* _Instructions to follow_
Entries follow. Give back exactly the lines starting at the one containing "Fendi Leather Bag - Image 9" and ending at the one containing "Infinix Note 50", and no other lines.

* _Extracted records_
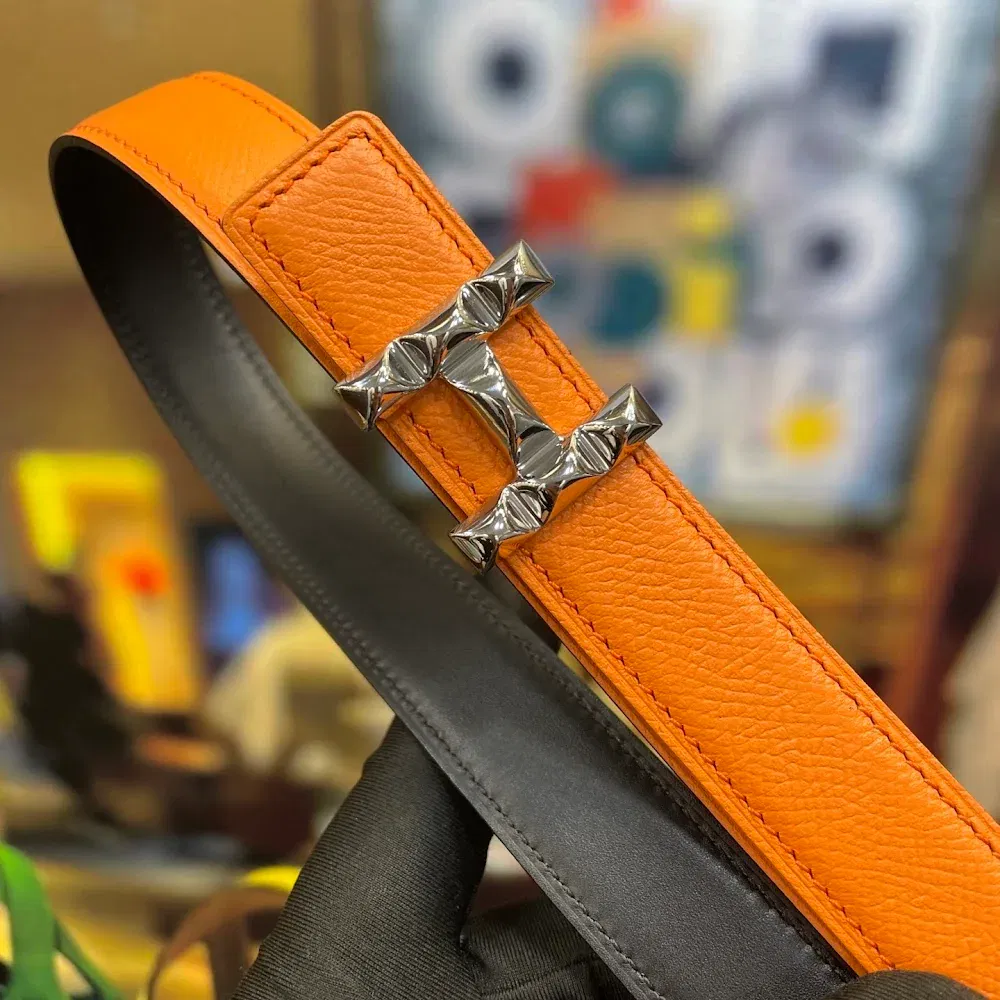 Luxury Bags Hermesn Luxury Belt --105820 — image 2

---

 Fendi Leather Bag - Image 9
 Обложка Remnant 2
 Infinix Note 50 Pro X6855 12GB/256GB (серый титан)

* _Response to this exercise_
 Fendi Leather Bag - Image 9
 Обложка Remnant 2
 Infinix Note 50 Pro X6855 12GB/256GB (серый титан)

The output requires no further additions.